The Halting Inelegance of Advent
After the first day of school and the 15th anniversary of the 9/11 attacks; after a fall season of youth soccer matches involving Sunday drives to three states; after the World Series went seven games and extra innings; after Columbus Day, Halloween, Veterans Day, and parent-teacher conferences; after the National Book Awards and the Nobel Prizes; after the presidential debates, Election Day, Election Night, and the morning after; after 25,000 marathoners trotted through the neighborhood, shaking the last leaves from the trees; after Thanksgiving and Black Friday and Small Business Saturday —
After all this, it was the First Sunday in Advent, and I, against the odds, had made it to the Brooklyn Oratory.
I locked my bike to the ring-rack outside the church, took off my helmet, and climbed the steps, beginning again.
Advent, we are told, is a time of waiting, and, as such, is countercultural: in our society of instant gratification (many a homilist has explained) it invites us to enter a different order of being, involving patience, anticipation, expectation.
It’s a lovely idea, but my experience is otherwise. As a parent, a city dweller, and a Catholic of persistent faith and fitful observance, I find that Advent is more like a soft opening, a wayfinding.
The first Sunday of Advent is the beginning of the Christian year. So Advent is marked out as a time to begin again. The run of fall events is behind. Christmas and a new year are ahead. A tall candle, unsullied at the top, is screwed into the candlestick on the altar; a match is struck; the fresh wick swells into flame, and the wax pooling at the tip of the candle, till it dries, is as fresh as the season.
So I begin again. I try to begin. That first Sunday, the readings are in conflict, nay contradictory: St. Paul says we are nearer to salvation than when we first believed; Jesus says no one knows the day or the hour — we could be near, we could be far, that is. Well, guys, which is it? It’s a perplexing way to begin.

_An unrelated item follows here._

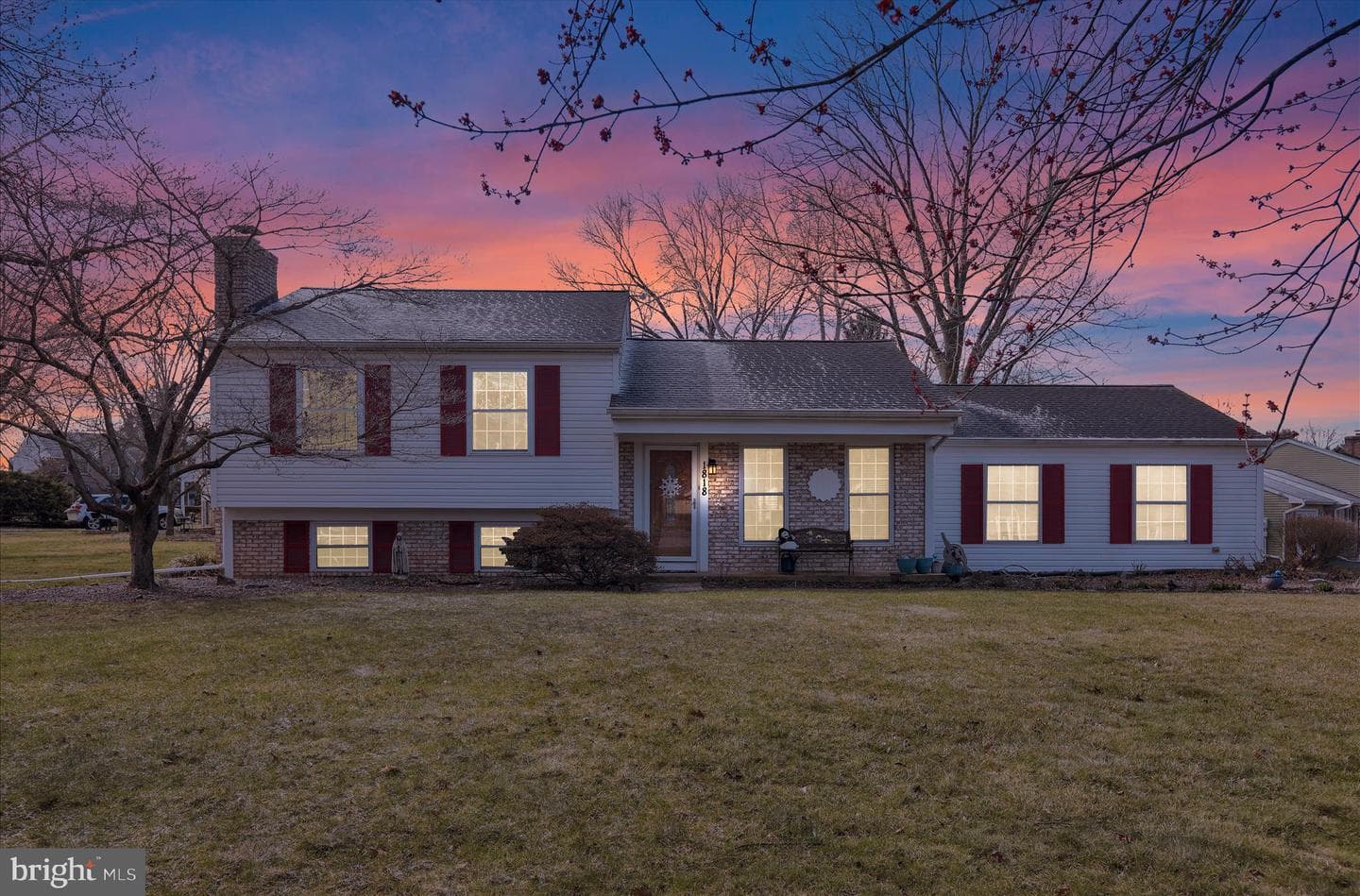 1818 Sturbridge Drive photo 2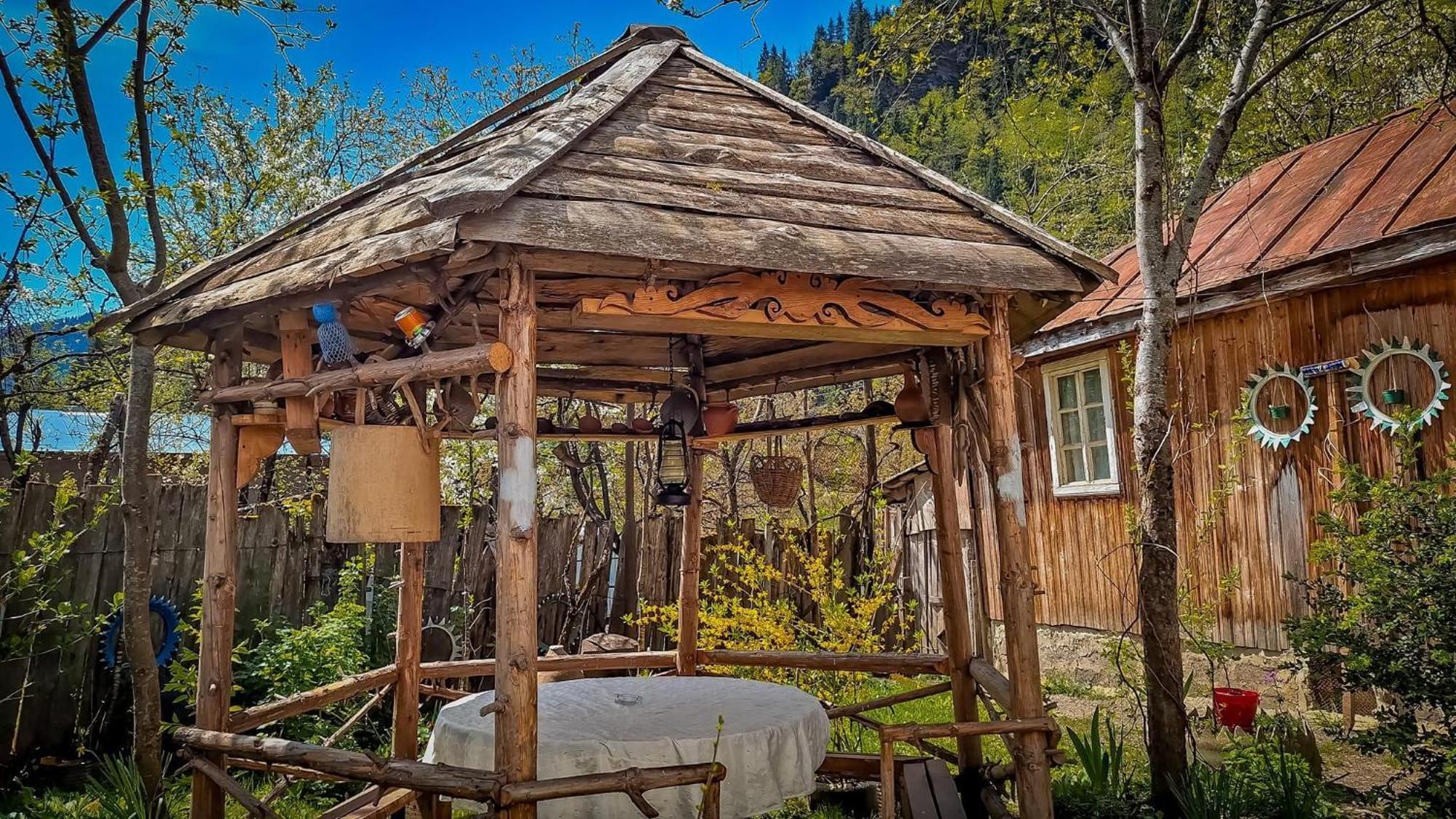 Guest House "Svaneti" Lentekhi Екстер'єр фото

The second Sunday, it is 70 degrees, and a soccer tournament has bobbed up onto the schedule; our sons’ teams advance, and the finals go on into the evening. On Long Island, standing on a sideline, six o’clock, I hear church bells ring.
Ten days in, the clothes extracted from the closet and stacked neatly near the door for donation to the needy are still near the door, not so neatly stacked anymore. The Advent calendar is propped up on the piano, but we eat out with friends one night, get caught up in homework the next, and then wind up opening three days’ cardboard Advent windows at once. The Advent wreath is out of storage, but it’s dispiriting to set it up with candles already burned down to different lengths from last year (or was it the year before?) — and we still can’t remember whether the third week’s candle is supposed to be pink or purple. In the carved wood one-piece nativity sculpture, Joseph’s head has snapped off again. He has a necklace of Super Glue at this point; every Christmas season he is fixed, and every Christmas season he is decapitated afresh.
It’s a halting, inelegant beginning. REM’s song “Begin the Begin” comes to mind, the title suggesting that grand beginnings start with humble beginnings incorporated tinder-like within them.
And yet such a beginning suits Advent. Advent is four weeks in which to find your way — in my case, to find my way back — before the emphatic full-on commencement that is Christmas. And it seems to me that this experience of wandering in and finding one’s way is as much akin to the experience set out in the nativity narrative as waiting is. It’s no stretch to imagine the parents-to-be in the Holy Land struggling to get their act together — packing bags, amassing baby clothes and sundries, plotting the route to Bethlehem, and generally taking care of things before their new life begins.
In Brooklyn, a fresh wreath from the greenmarket goes up on the door, fastened there with a gold tassel reclaimed from a Halloween costume. The CD of Bach’s Advent cantatas comes out and stays in the changer, played over and over — whether out of laziness or ritual observance it is hard to say, but the music perfumes the apartment, hinting at Christmas day after day. Christmas lists are made in pencil on loose-leaf paper; links to buy-buttons are sent. A card in a red envelope arrives from an aunt who is always on top of everything, then a card from a friend we never hear from otherwise. An artificial tree is erected in the lobby of our apartment building. It’s time to order the turkey. Christmas is only 15 Shopping Days away.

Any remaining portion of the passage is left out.